Original engraving created for the illustration of La Gazette du bon ton, one of the most beautiful and influential fashion magazines of the 20th century, celebrating the talent of French creators and artists during the flourishing of Art Deco.
Famous fashion magazine founded in 1912 by Lucien Vogel, La Gazette du bon ton was published until 1925 with an interruption during the War from 1915 to 1920, due to the mobilization of its editor-in-chief. It consists of 69 issues printed in only 2000 copies and is illustrated notably with 573 color plates and 148 sketches representing models by great couturiers. From their publication, these luxurious publications "addressed bibliophiles and worldly aesthetes" (Françoise Tétart-Vittu "La Gazette du bon ton" in Dictionnaire de la mode, 2016). Printed on fine laid paper, they used a typeface specially created for the magazine by Georges Peignot, the Cochin character, adopted in 1946 by Christian Dior. The prints were created using the metal stencil technique, heightened in colors and some highlighted in gold or palladium.
The adventure began in 1912 when Lucien Vogel, a man of society and fashion - he had already participated in the magazine Femina - decided to found with his wife Cosette de Brunhoff (sister of Jean, the father of Babar) the Gazette du bon ton whose subtitle was then "Art, modes et frivolités". Georges Charensol reported the words of the editor-in-chief: "En 1910, observe-t-il, il n'existait aucun journal de mode véritablement artistique et représentatif de l'esprit de son époque. Je songeais donc à faire un magazine de luxe avec des artistes véritablement modernes [...] J'étais certain du succès car pour la mode aucun pays ne peut rivaliser avec la France." ["In 1910, he observed, there was no truly artistic fashion journal representative of the spirit of its time. I therefore thought of making a luxury magazine with truly modern artists [...] I was certain of success because for fashion no country can rival France."] ("Un grand éditeur d'art. Lucien Vogel" in Les Nouvelles littéraires, n°133, May 1925). The magazine's success was immediate, not only in France, but also in the United States and South America.
Originally, Vogel therefore assembled a group of seven artists: André-Édouard Marty and Pierre Brissaud, followed by Georges Lepape and Dammicourt; and finally his friends from the École des beaux-arts such as George Barbier, Bernard Boutet de Monvel, or Charles Martin.
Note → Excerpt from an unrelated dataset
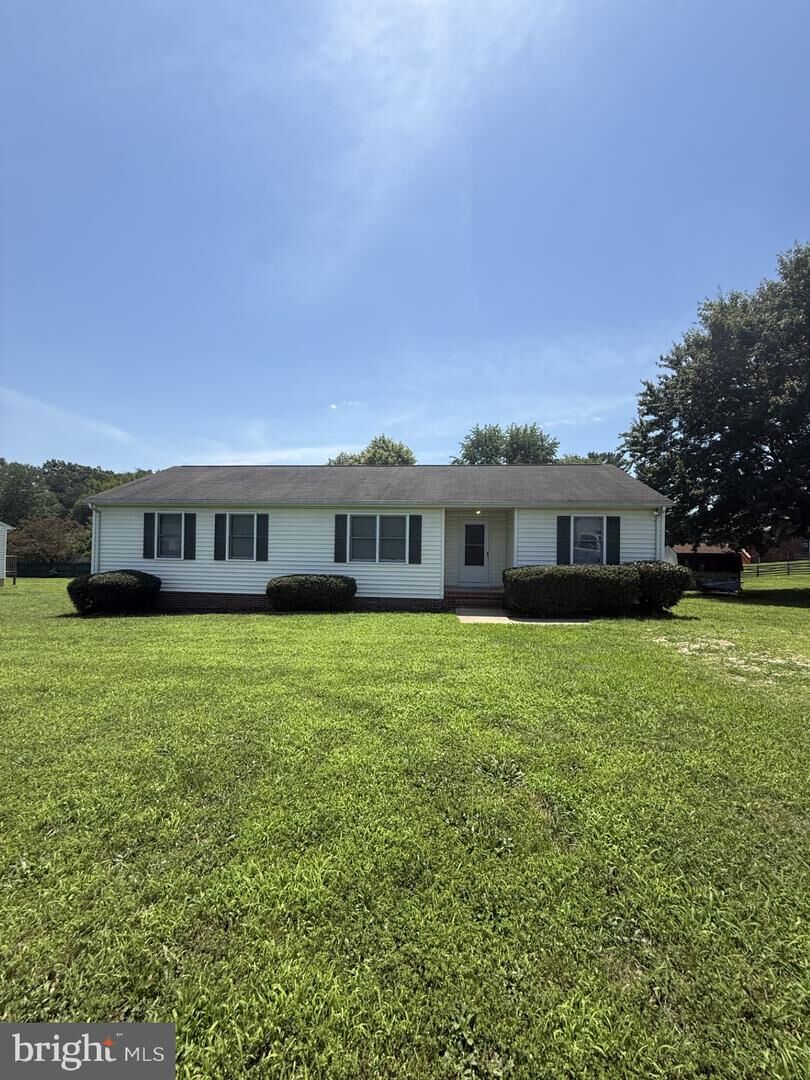 Property Photo: 7112 Sharon Road VA 22407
Other talents quickly joined the team: Guy Arnoux, Léon Bakst, Benito, Boutet de Monvel, Umberto Brunelleschi, Chas Laborde, Jean-Gabriel Domergue, Raoul Dufy, Édouard Halouze, Alexandre Iacovleff, Jean Émile Laboureur, Charles Loupot, Charles Martin, Maggie Salcedo. These artists, mostly unknown when Lucien Vogel called upon them, would later become emblematic and sought-after artistic figures. These same illustrators created the drawings for the Gazette's advertisements.
The plates highlight and sublimate the dresses of seven creators of the era: Lanvin, Doeuillet, Paquin, Poiret, Worth, Vionnet and Doucet. The couturiers provided exclusive models for each issue. Nevertheless, some of the illustrations featured no real model, but only the illustrator's idea of the fashion of the day.
La Gazette du bon ton is a decisive step in the history of fashion. Combining aesthetic excellence and plastic unity, it brought together for the first time the great talents from the worlds of arts, letters and fashion and imposed, through this alchemy, a completely new image of woman, slender, independent and audacious, also carried by the new generation of couturiers Coco Chanel, Jean Patou, Marcel Rochas...
Taken over in 1920 by Condé Montrose Nast, the Gazette du bon ton would largely inspire the new composition and aesthetic choices of the "dying little journal" that Nast had bought a few years earlier: Vogue magazine.